### EXERCISE INSTRUCTIONS
The requested output is every line from the one with "Bupati Gianyar Rotasi" through the last line below, printed exactly.

### DATA UNDER STUDY
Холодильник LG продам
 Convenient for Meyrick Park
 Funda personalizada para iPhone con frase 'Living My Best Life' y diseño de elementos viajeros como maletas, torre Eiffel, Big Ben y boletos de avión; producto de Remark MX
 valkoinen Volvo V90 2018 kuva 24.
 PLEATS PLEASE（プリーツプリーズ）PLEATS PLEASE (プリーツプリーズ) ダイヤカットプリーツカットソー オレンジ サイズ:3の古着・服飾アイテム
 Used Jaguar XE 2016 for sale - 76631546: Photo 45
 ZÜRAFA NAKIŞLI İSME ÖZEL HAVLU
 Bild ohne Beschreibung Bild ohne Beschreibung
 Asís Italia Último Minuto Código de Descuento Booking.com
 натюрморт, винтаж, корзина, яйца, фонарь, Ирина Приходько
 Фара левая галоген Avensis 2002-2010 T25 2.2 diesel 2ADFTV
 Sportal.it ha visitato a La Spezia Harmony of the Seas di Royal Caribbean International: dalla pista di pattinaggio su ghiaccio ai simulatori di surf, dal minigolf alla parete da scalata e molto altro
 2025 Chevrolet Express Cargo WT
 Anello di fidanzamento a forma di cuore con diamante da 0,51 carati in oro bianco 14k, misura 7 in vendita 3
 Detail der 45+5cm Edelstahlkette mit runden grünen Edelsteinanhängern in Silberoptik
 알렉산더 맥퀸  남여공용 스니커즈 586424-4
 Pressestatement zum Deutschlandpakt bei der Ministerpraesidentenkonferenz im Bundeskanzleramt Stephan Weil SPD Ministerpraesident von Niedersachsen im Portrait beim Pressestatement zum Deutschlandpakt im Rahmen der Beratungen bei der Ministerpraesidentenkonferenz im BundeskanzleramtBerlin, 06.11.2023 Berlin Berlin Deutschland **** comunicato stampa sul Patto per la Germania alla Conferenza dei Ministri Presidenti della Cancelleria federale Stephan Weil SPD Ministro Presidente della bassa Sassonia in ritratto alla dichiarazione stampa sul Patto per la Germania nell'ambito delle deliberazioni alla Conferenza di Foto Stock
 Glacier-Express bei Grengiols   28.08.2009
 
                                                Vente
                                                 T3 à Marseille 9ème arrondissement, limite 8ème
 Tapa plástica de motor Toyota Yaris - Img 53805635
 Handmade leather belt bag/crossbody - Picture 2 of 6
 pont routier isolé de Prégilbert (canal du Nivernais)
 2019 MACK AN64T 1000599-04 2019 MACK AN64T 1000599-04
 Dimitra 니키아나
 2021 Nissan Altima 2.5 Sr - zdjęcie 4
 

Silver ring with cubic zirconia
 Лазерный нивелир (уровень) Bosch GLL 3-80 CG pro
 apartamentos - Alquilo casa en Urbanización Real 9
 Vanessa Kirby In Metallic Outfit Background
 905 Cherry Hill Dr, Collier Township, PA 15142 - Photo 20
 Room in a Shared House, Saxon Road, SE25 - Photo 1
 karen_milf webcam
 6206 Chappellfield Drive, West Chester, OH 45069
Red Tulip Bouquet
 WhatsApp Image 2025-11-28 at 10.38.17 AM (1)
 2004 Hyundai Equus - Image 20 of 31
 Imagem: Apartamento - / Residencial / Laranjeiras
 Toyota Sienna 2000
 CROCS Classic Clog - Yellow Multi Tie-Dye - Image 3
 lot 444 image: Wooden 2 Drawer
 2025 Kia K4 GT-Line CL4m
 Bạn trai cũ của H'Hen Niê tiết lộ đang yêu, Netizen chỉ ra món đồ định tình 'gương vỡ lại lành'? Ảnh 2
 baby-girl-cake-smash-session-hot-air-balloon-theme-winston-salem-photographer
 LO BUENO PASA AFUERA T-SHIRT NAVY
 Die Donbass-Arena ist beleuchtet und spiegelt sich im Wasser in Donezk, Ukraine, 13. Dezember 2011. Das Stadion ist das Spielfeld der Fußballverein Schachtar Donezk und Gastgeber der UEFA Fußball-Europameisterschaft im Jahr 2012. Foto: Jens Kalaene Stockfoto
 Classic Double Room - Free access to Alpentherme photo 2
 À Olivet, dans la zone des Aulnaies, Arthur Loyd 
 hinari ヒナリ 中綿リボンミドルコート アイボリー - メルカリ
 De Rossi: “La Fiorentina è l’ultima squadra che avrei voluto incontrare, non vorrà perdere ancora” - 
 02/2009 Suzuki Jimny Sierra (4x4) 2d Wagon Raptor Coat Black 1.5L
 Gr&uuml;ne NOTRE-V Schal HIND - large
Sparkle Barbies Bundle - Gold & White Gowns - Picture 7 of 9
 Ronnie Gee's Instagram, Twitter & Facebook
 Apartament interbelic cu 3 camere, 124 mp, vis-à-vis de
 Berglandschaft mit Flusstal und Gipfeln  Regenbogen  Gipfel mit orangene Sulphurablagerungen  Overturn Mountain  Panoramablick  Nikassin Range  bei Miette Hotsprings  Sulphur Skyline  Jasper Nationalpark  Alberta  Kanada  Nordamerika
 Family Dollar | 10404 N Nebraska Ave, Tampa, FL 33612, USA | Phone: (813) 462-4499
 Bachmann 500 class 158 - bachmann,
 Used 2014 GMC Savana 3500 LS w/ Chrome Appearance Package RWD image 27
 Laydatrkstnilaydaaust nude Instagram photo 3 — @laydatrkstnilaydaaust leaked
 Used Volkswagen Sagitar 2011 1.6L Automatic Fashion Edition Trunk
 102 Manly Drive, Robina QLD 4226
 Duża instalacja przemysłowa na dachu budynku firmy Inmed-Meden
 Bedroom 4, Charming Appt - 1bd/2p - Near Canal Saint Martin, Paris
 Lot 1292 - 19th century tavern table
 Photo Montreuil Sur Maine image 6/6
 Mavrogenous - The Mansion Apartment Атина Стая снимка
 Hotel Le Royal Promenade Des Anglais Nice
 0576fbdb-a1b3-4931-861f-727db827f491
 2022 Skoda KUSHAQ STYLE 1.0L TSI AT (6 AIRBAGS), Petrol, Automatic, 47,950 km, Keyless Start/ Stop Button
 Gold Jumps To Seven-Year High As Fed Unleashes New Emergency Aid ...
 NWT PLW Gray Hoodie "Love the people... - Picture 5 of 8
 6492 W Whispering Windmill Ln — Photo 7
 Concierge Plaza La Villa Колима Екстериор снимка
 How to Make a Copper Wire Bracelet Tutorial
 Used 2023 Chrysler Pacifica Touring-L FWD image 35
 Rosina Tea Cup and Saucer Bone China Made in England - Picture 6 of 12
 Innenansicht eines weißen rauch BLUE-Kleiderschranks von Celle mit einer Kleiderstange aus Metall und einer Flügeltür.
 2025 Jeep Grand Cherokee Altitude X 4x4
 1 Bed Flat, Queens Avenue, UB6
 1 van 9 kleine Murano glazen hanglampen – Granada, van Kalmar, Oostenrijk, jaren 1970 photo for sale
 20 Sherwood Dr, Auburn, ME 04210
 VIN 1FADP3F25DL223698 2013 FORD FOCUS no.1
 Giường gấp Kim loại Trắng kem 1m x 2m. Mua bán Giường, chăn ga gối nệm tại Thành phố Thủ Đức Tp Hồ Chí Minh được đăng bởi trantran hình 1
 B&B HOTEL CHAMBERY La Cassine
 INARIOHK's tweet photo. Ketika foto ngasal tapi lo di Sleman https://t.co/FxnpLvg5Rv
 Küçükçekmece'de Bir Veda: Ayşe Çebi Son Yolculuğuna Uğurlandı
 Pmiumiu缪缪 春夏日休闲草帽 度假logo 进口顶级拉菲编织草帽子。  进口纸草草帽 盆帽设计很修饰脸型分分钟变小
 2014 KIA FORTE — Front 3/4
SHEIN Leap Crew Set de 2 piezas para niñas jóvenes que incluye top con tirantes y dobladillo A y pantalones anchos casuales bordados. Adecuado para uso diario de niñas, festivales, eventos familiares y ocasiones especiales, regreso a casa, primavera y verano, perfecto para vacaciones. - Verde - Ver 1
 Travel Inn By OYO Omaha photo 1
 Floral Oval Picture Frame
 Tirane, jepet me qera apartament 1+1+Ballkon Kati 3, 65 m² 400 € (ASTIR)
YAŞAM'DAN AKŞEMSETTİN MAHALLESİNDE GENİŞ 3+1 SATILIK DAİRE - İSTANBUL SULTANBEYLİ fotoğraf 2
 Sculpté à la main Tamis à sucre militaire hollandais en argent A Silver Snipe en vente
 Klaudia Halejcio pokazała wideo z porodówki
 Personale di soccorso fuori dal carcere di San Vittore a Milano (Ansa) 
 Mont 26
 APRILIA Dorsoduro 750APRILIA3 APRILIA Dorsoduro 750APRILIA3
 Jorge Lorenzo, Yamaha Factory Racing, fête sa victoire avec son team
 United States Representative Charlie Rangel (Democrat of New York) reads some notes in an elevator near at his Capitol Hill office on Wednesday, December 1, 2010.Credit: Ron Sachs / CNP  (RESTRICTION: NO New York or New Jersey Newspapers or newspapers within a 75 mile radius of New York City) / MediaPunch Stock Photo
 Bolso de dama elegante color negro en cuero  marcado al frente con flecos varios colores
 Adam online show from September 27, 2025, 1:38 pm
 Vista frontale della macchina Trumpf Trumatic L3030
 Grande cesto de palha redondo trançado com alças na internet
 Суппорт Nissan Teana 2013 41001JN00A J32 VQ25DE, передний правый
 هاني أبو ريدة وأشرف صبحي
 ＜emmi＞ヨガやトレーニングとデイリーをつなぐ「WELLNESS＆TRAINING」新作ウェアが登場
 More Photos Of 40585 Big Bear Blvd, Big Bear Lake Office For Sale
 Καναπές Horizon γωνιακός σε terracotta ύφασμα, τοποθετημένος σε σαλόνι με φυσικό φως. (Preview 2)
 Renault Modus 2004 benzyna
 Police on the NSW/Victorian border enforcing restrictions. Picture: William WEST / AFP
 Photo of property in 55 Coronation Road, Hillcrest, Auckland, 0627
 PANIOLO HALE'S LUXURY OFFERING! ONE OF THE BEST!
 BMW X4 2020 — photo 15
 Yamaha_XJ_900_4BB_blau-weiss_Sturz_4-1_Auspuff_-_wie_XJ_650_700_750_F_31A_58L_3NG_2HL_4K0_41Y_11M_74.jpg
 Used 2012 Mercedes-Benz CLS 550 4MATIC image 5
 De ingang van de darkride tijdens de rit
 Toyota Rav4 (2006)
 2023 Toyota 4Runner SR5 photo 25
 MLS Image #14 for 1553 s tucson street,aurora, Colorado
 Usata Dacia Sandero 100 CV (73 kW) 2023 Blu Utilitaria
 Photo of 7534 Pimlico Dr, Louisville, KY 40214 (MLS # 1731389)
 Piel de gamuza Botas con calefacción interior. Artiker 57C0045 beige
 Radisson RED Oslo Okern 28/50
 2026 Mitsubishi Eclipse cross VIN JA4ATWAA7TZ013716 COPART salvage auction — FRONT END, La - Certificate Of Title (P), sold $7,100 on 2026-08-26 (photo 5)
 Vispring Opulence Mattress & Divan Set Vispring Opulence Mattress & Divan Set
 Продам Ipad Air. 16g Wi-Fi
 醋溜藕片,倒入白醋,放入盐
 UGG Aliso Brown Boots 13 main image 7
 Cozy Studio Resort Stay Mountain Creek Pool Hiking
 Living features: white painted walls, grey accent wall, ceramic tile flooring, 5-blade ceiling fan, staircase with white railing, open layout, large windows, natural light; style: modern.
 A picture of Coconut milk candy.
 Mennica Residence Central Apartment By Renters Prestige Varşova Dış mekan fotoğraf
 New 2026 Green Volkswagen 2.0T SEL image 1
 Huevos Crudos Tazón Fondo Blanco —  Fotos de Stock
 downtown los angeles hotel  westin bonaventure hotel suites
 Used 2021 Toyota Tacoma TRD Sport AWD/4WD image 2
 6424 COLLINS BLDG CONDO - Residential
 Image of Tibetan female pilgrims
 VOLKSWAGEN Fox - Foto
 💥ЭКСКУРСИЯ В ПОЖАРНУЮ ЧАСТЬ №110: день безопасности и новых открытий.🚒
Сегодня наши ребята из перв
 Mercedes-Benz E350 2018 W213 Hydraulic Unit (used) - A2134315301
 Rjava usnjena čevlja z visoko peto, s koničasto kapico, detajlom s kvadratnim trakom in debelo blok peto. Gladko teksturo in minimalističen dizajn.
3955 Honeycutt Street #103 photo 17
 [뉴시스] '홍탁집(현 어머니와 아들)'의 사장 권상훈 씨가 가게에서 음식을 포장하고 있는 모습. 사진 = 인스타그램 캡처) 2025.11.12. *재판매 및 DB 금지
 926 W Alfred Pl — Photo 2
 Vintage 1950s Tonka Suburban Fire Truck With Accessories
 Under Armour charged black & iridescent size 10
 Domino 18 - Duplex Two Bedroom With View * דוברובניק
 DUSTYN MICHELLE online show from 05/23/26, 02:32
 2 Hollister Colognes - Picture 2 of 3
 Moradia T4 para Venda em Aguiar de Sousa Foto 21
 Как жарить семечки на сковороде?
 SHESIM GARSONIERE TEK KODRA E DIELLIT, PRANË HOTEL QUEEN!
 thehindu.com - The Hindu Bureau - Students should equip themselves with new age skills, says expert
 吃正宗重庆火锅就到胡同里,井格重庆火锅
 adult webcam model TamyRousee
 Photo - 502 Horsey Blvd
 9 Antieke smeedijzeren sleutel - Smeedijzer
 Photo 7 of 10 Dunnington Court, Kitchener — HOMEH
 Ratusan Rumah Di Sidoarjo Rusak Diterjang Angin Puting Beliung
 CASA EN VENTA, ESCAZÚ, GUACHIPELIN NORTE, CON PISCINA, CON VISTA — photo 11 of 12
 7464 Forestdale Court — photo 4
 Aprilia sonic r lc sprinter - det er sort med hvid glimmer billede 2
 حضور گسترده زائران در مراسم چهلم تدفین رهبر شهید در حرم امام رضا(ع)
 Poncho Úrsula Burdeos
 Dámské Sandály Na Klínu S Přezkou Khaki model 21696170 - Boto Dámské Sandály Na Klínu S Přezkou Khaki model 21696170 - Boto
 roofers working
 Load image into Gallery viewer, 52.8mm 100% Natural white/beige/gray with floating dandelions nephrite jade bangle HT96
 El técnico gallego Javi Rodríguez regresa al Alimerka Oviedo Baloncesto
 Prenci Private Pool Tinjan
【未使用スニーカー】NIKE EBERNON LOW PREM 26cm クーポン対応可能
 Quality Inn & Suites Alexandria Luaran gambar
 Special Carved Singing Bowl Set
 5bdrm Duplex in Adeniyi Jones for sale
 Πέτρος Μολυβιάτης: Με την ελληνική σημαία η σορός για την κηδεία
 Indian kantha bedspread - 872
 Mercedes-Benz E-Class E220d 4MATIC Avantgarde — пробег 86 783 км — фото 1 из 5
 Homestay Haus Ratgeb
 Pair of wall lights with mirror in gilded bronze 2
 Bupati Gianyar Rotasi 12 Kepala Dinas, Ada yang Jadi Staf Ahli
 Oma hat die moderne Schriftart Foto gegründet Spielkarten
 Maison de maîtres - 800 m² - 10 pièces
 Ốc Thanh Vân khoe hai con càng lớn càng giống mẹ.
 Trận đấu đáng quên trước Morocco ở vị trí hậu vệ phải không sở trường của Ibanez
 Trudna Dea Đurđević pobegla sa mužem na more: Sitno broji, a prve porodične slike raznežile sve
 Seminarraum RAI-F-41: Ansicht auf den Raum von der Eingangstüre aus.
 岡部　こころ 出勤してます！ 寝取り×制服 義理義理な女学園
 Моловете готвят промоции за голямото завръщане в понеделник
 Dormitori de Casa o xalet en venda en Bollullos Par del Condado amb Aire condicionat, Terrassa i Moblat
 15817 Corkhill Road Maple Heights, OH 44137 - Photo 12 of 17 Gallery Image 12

### ANSWER AREA
 Bupati Gianyar Rotasi 12 Kepala Dinas, Ada yang Jadi Staf Ahli
 Oma hat die moderne Schriftart Foto gegründet Spielkarten
 Maison de maîtres - 800 m² - 10 pièces
 Ốc Thanh Vân khoe hai con càng lớn càng giống mẹ.
 Trận đấu đáng quên trước Morocco ở vị trí hậu vệ phải không sở trường của Ibanez
 Trudna Dea Đurđević pobegla sa mužem na more: Sitno broji, a prve porodične slike raznežile sve
 Seminarraum RAI-F-41: Ansicht auf den Raum von der Eingangstüre aus.
 岡部　こころ 出勤してます！ 寝取り×制服 義理義理な女学園
 Моловете готвят промоции за голямото завръщане в понеделник
 Dormitori de Casa o xalet en venda en Bollullos Par del Condado amb Aire condicionat, Terrassa i Moblat
 15817 Corkhill Road Maple Heights, OH 44137 - Photo 12 of 17 Gallery Image 12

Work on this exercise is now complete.